The First 30 is slim and unpaginated, but this does not detract from the verse within it. It is also divided into two rough halves, and the nature of these halves affect both the quality of The First 30 as a whole, and of each other. The first of these halves is the other poems of the subtitle. It is untitled, and heterogenous in terms of subject matter, and basic form, despite the use of a standard free verse throughout. The second half is The First 30, a sequence of thirty poems with a strong stylistic unity, along with its unity of subject matter. More shall be said about this later in this review. First off, there are a few things that need to be said about the first half.
This first half is marked by poems that continues Nunn’s basic stylistic, thematic and tonal concerns. In doing so, there is a customary attention to memorable metaphors derived from Nunn’s environs, in the process of which his world is charged with an emotional intensity. An example of this is the following extended metaphor that equates the poet’s desire with a power surge:
the coffee machine purrs and
the refridgerator simultaneously
sweats and breaks out in goosebumps.
The dishwasher succumbs to hot
flushers and the button on the toaster
turns red and pops.
As can be seen, the language is simplified but not simplistic, eloquent in its basic ordinariness and in its direct vividity. If these poems were part of a single, undivided collection, then it would ordinarily be strong and memorable; there is one problem, though.

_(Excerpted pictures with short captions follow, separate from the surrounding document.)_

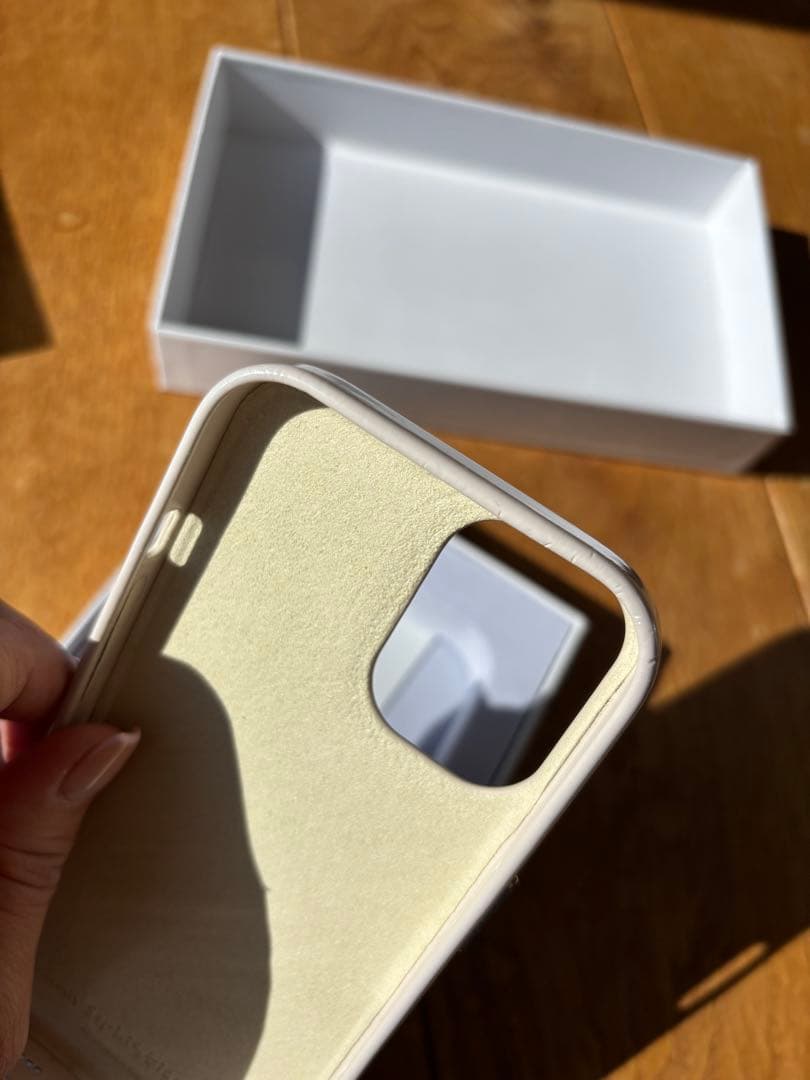 The Puffer Case - Oat Milk / iPhone 16用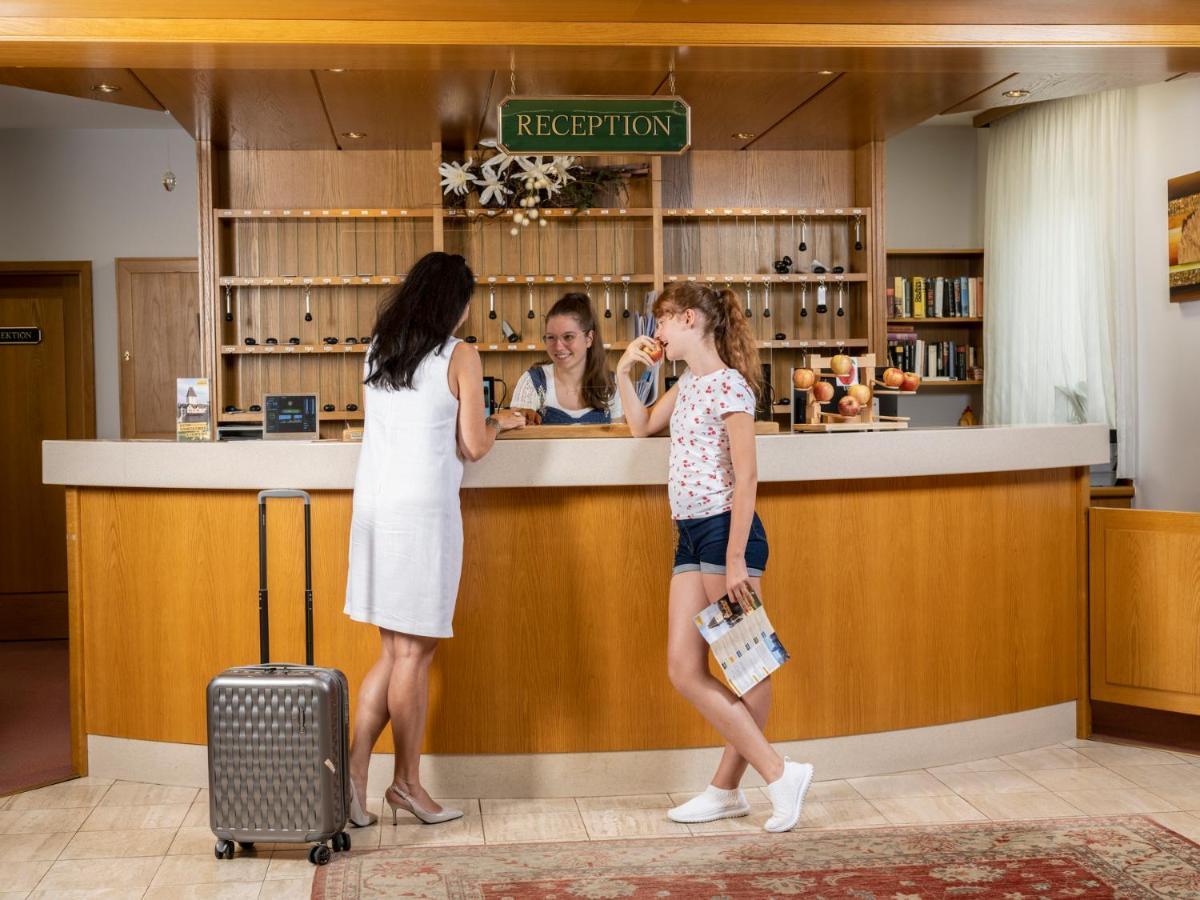 Hotel Ottenstein - Das Wohlfuehlhotel Rastenfeld Buitenkant foto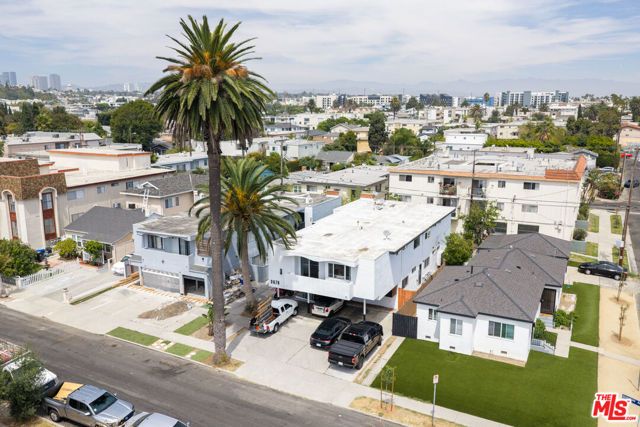 3670 Greenfield Avenue, Los Angeles, CA 90034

This problem is that, for most of the poems, there is no direct connection with the second half. This lessens their charms and power as a result, in their context. Ordinarily this might not be a problem. A full-length collection can sometimes support division into disparate parts and sequences. The problem, however, is that this collection is very slim. It is also dominated by the second half, both physically and thematically. Further, the very slimness of the collection works against this division, and requires a stronger sense of unity in the collection as a whole. Yet this problem is not so great that the strength of the collection is fully compromised: there is a sense that the second half diminishes the first, whether it is read before or after the first. So it helps to understand it better.
The poems in the second half of The First 30 were written on the occasion of the first month of Nunn’s first-born, his son, after his birth. Each was originally written and published online, on each successive day. This was a deliberate choice on Nunn’s part: the birth of his son being of such importance, Nunn marked the occasion by making the poetry of this sequence and dedicating it to him. So it stands as a major creative reaction to a new life, and it explores the joys of being a young father. Other poets, other writers have explored fatherhood, but most without the sense of occasion and vividness that marks The First 30 as a unified poetry sequence. And this sense of occasion is important.

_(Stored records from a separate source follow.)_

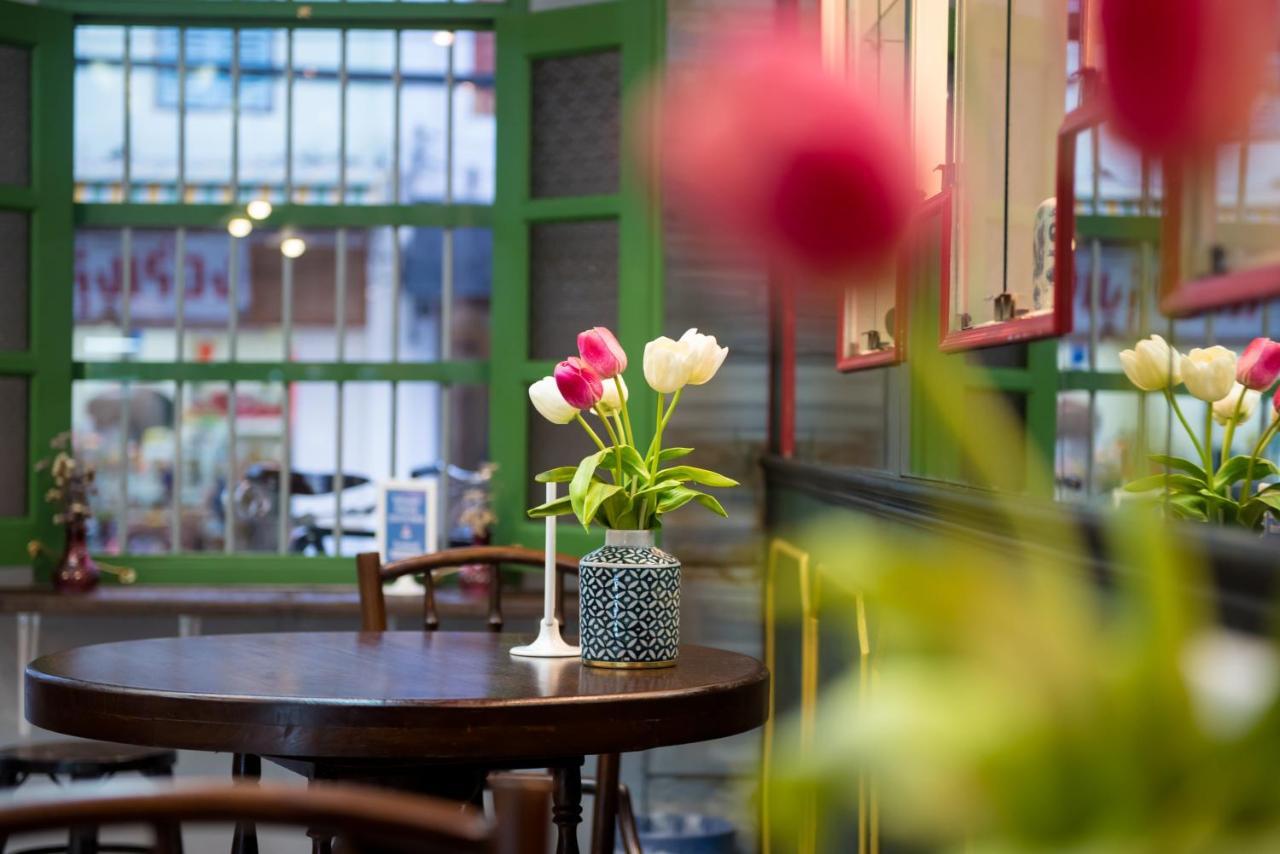 The Neighbors Hostel (Adults Only) Phuket Ngoại thất bức ảnh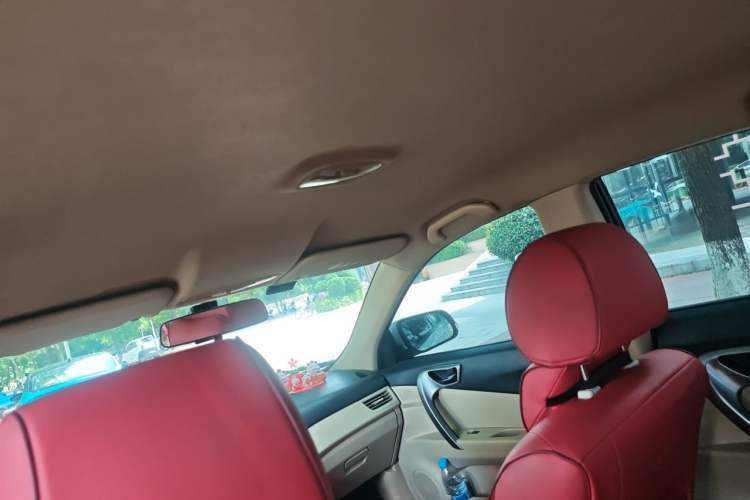 Used Soueast V5 Lingzhi 2012 1.5L CVT Comfort Edition Headliner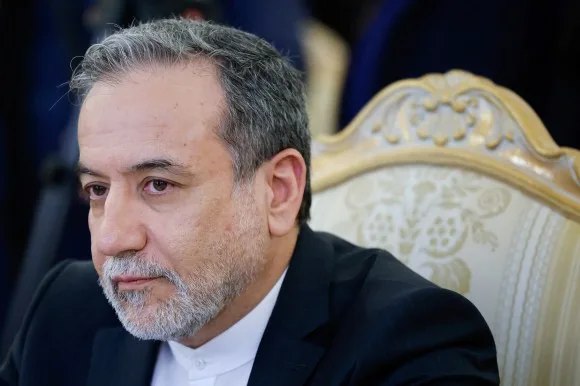 إيران: سنتعاون مع الوكالة الدولية للطاقة الذرية لكن عمليات التفتيش قد تشكل خطراً إيران: سنتعاون مع الوكالة الدولية للطاقة الذرية لكن عمليات التفتيش قد تشكل خطراً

This is because the strength of the focus on Nunn’s son, and the use of the occasional poem as the overall genre, make this the strongpoint of The First 30. I say this because the genre, the themes, the imagery, the form and language display a strong sense of unity. There is also a unity of emotion, of affect revealed through the poet’s actions and responses to his infant son. And this overall unity strengthens and amplifies the effect of the poems. It also makes them stronger, more effective. It can be seen that unity of this sort can outweigh and dominate a more heterogenous collection, and it would be interesting to see if Nunn follows The First 30 with similarly tight collections of verse. And there is something more that can be said about the tone and its delivery here, in relation to the emotion of The First 30.

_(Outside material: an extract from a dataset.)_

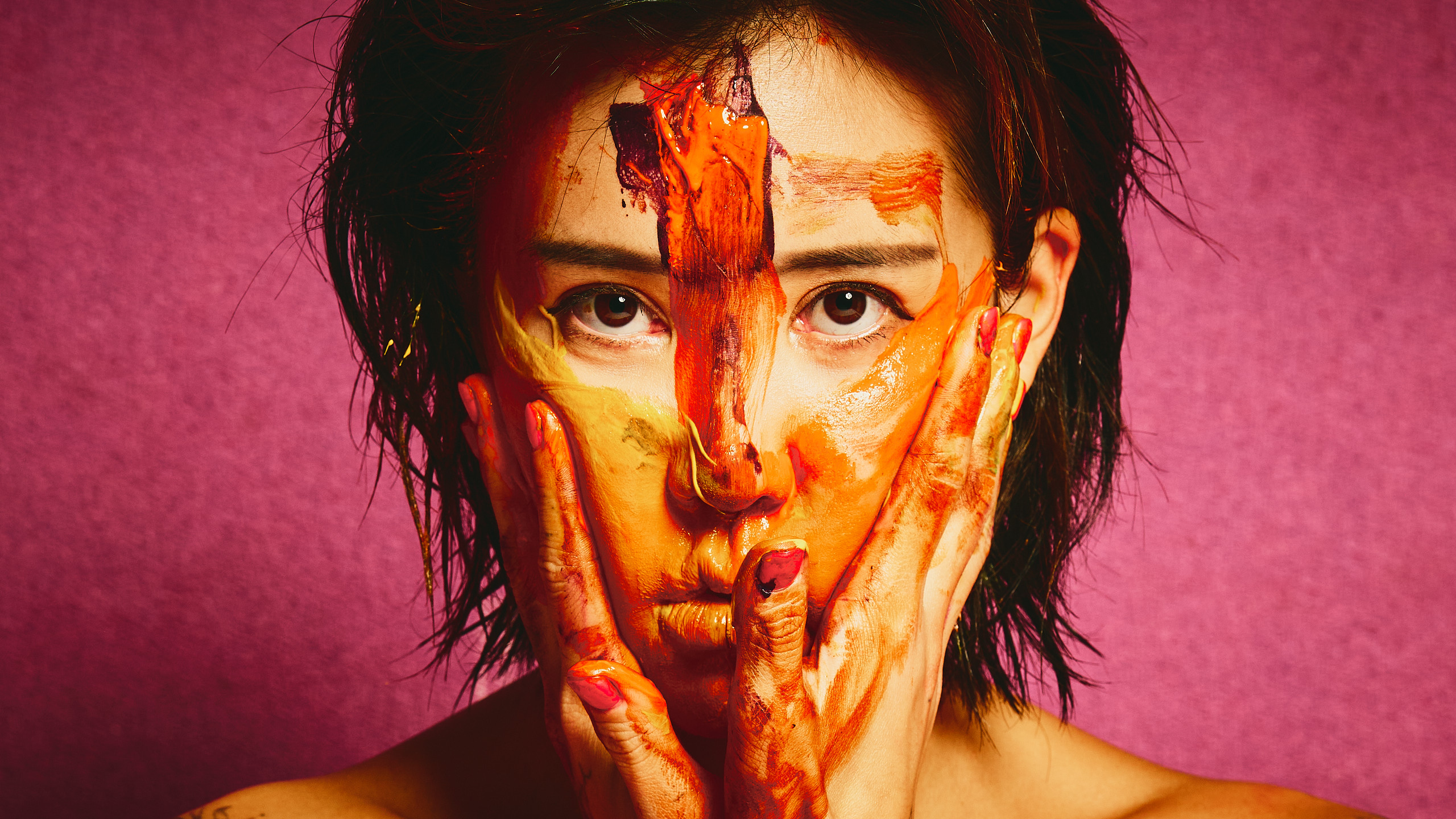 Chloe tattooed nude model Painter painting body face vivid orange purple backdrop Cinaed Dane Barcelona studio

This tone heightens the effect of that unity through their laconic lyricism, which renders their innate poignancy less dramatic, more tender. This is a function of Nunn’s style, which works well with his verbal delivery, a delivery polished and emphatic, yet unforced and natural. In this way there is a degree of unity between the two halves, one rarely supported by subject matter, and diminished by this lack of stronger connections. And they are all unmistakably poems by Nunn, containing his customary themes and concerns with a deeper warmth and humanity, and a wisdom attendant on becoming a father. And this is, perhaps, what the poems of The First 30 are really offering us: warmth, humanity and wisdom in palpable proportions, and in a language purified of anything worse than love and compassion. This is what we need, and this is what Nunn gives unto us.
The First 30 is Graham Nunn’s strongest book of poetry to date. And it offers unto us a warmth and humanity that is contrariwise to the nihilism and cynicism seen as the dominant tone of our contemporary culture. What it gives us is a worldview of hope and optimism, something decent, not in the shopworn sense of the religious and puritan, but in the sense of possessing a humane decency towards humanity. This allows us to see that the two halves, while unequal due in large part to the strong unity of the sequence, The First 30, are marked by Nunn’s customary concerns, so much so that his poetry conveys a rich and optimistic view of our world.